July 25, 2022
The freight market has experienced a rollercoaster of economic conditions and industry analysts are calling for the same as we enter the second half of 2022.
Preparation is a key component for freight company strategies and growth. Historically, organizations have been able to prepare for seasonality around things like produce peak season, back to school, or the holidays, however today’s market is still quite unpredictable.
Navigating today’s trends and selecting the right shipping option can be an undertaking. Here, we break down what’s going on in the industry but first let’s define contract freight and spot freight and look at the advantages for shippers.
A contract rate is a fixed price the carrier or 3PL agree on to move a shipper’s freight over a set period of time. Additionally, it is typically the same type of freight each time. Most contracts average a duration of six months to a year.
Spot Rates are for shippers without carrier contracts but have freight to move. These rates are based upon market conditions and therefore can change daily. Spot rates may also be used when shippers are seeking more capacity outside of their contract terms.
Advantages for Shippers
Each option has their pros and cons. The biggest advantage to having a contract is that the shipper knows that their rate will not change should the market experience an increase in pricing. This avenue for freight allows for easier budgeting and forecasting, ability to build strategic carrier relationships, and transparency with their supply chain with KPI reporting from the carrier. On the flipside, should the market rate decrease, the shipper will remain paying the higher contracted price until the renewal period.
For shippers that depend on spot pricing, the biggest pain point occurs with budgeting and planning – it becomes more difficult. While shippers can have an idea of what the year will look like, it will only be an estimate and very rarely be optimal. On the other hand, for shippers seeking a last-minute move or just wanting a quick response, receiving a spot rate will be much faster over negotiating a contract.
Current Market Trends
The second half of 2021 and moving into 2022, the market was riddled with tight equipment capacity and a rush to restock inventories, causing shippers to lock in freight contracts. As we now enter the third quarter, the market is fluctuating again. A recent Wall Street Journal article reported “trucking rates are declining largely because of a shift away from the spot market toward longer-term contract rates as truckers see more stability in their routes.” With the move away from spot, carriers are seeing the contract marketplace remain steady with customers preferring contracted rates over spot. Shippers want that sense of secured pricing but are preferring a shorter contract time period.
According to DAT, Trucking spot rates have fallen 26% since June of last year. As of June 2022, the average contract rates were approximately 17 cents higher than spot rates, but shippers are not benefitting just yet. With fuel and diesel prices at an all-time high in decades, fuel surcharges are eliminating the savings shippers gained with lower spot prices. The media is predicting a recession, but industry experts think otherwise. “We’re living through historic chaotic times,” said Eric Masotti, President of Logistics at Trailer Bridge. “The drop of spot rates after two years of sky-high prices has potentially heightened the senses of shippers, but we’re not seeing a slowdown for demand in service.”
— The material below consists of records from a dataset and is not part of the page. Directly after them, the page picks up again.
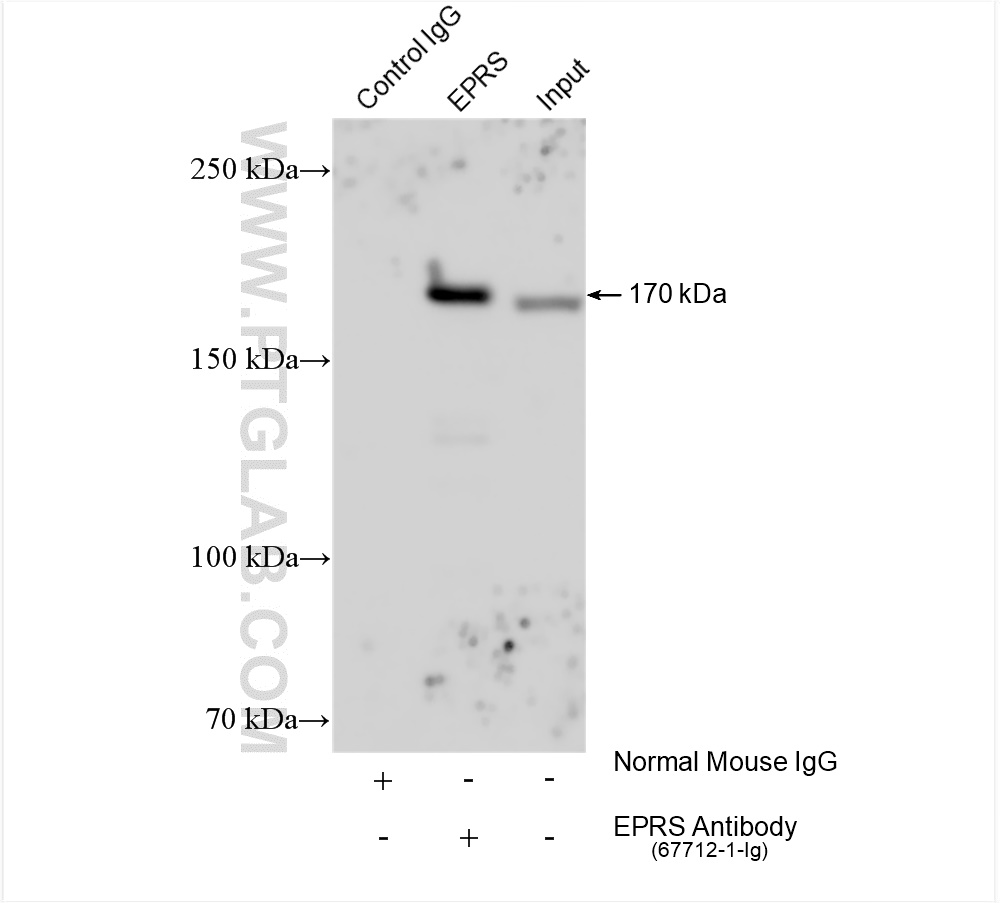 IP experiment of HeLa using 67712-1-Ig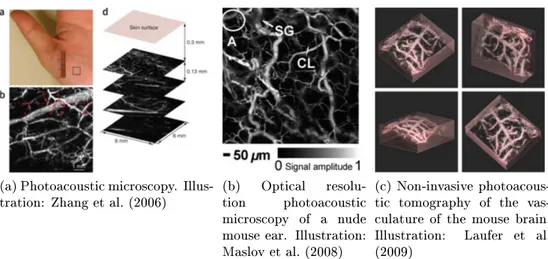 Figure 1.10: Examples of photoacoustic microscopy &amp; photoacoustic tomogra- tomogra-phy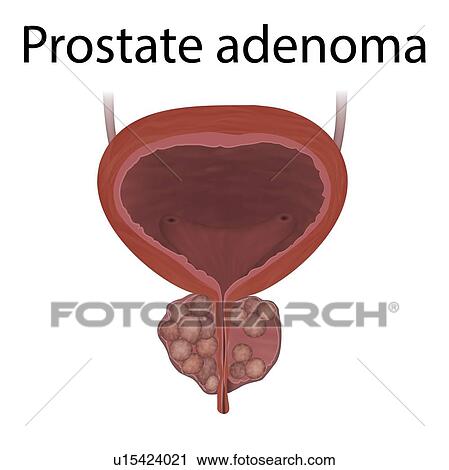 Stock Image - Adenoma of the prostate gland, illustration.. Fotosearch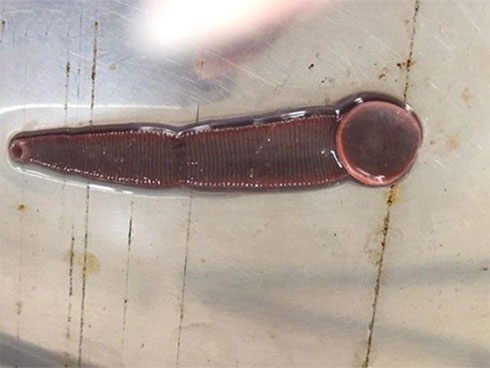 Con đỉa sống 3 tháng trong mũi người đàn ông-1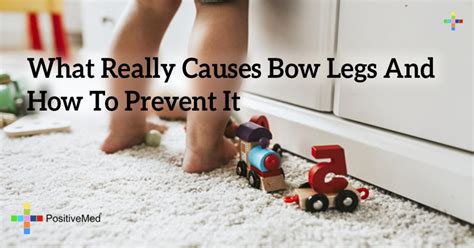 What Really Causes Bow Legs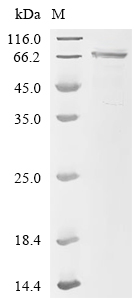 PADI3 Protein, Human, Recombinant (His)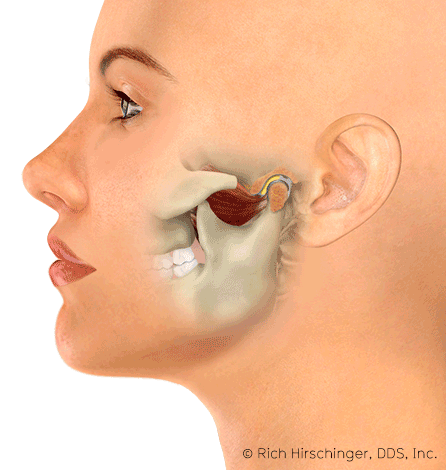 Jaw Dislocation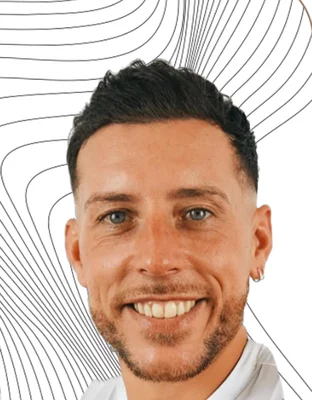 After — Hair Transplant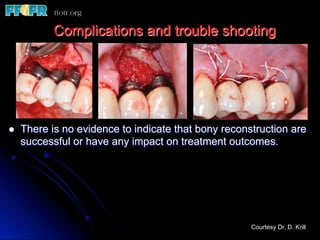 l  There is no evidence to indicate that bony reconstruction are
successful or have any impact on treatment outcomes.
Complications and trouble shooting
Courtesy Dr. D. Krill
It appears the spot market is shifting closer to pre-pandemic norms and are not actually an indicator of a recession. Spot demand is still above historic averages but lower than what the market experienced at the height of the pandemic. DAT principal analyst Dean Croke told Transport Topics “We are returning back to more normal freight market behavior and seasonality is kind of re-emerging albeit a little bit different. We haven’t seen that strong return to seasonality because spot rates aren’t going up in the four weeks before July 4, which they normally do.”
As we prepare for peak season this fall and winter along with the backlog of vessels coming in from Asia, no one can predict what the market will do. Uncertainty remains on both the demand and supply sides. Trucking companies will continue to do what they’ve been doing for the past two years which is remain flexible while the market conditions vary month to month. “We’ll continue to pass through savings to our customers wherever we can,” said Masotti. “Only time will tell how the market plays out, but we’ll be ready for whichever way it does.”
This is a key reason why relationships matter. Building a strong relationship with your logistics provider opens communication and builds trust. That thought is true in your personal life and is essential in your supply chain. Having that reliable, predictable information and service at your fingertips is invaluable. Think of Trailer Bridge as an extension of your in-house team – we’re here to help guide you every step of the way.